- [EXERCISE GOAL] Ignoring the pictures, copy the data exactly.

- [RECORDED INFORMATION]
────────────────────────────────────────

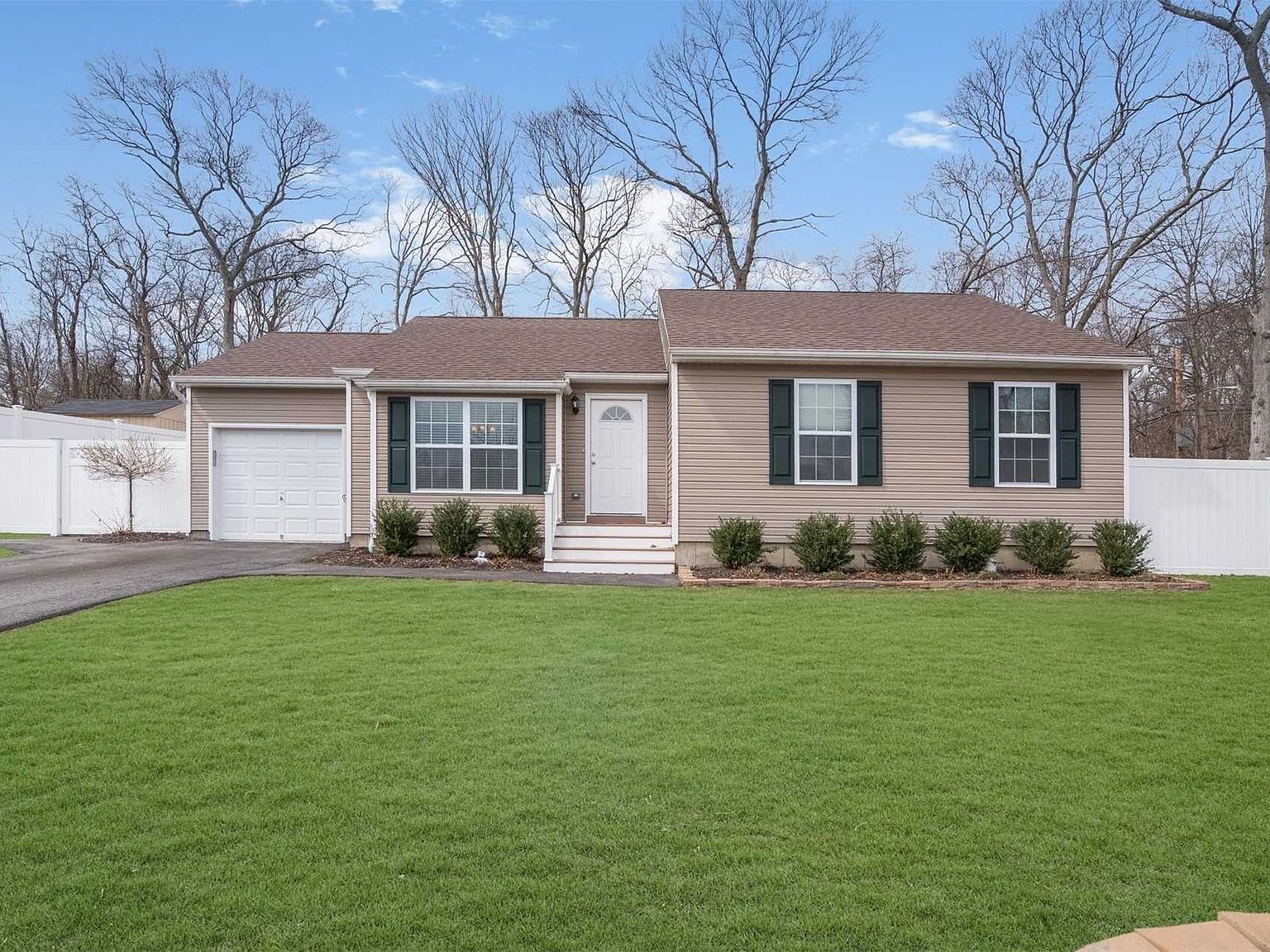 2 Macintosh Ln, Selden, NY 11784 Zillow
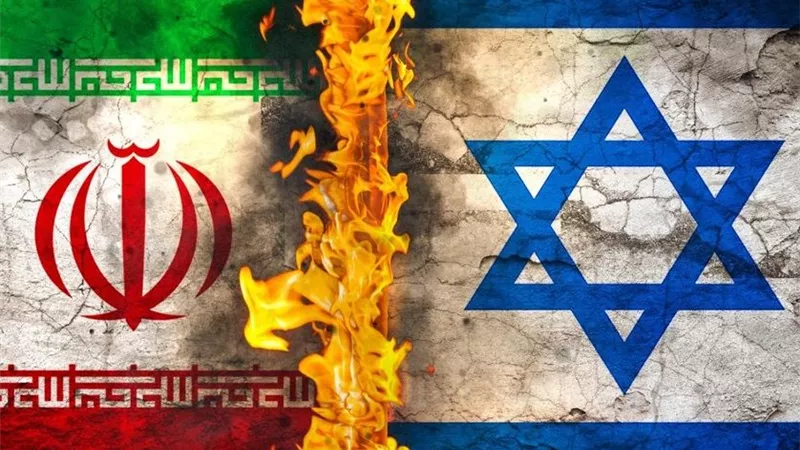 انفجار التوترات.. إيران تتلقى تحذير من هجوم إسرائيلي مع إدانة نووية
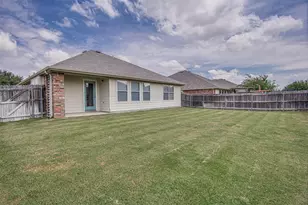 931 Hunter Ln, Burleson, TX 76028 - Photo 35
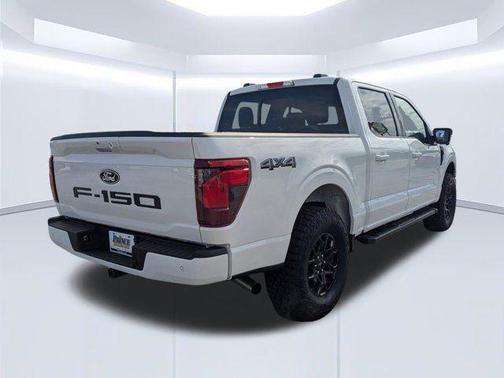 Oxford White 2025 Ford F-150 XLT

────────────────────────────────────────

- [EXERCISE ANSWER]
 2 Macintosh Ln, Selden, NY 11784 Zillow
 انفجار التوترات.. إيران تتلقى تحذير من هجوم إسرائيلي مع إدانة نووية
 931 Hunter Ln, Burleson, TX 76028 - Photo 35
 Oxford White 2025 Ford F-150 XLT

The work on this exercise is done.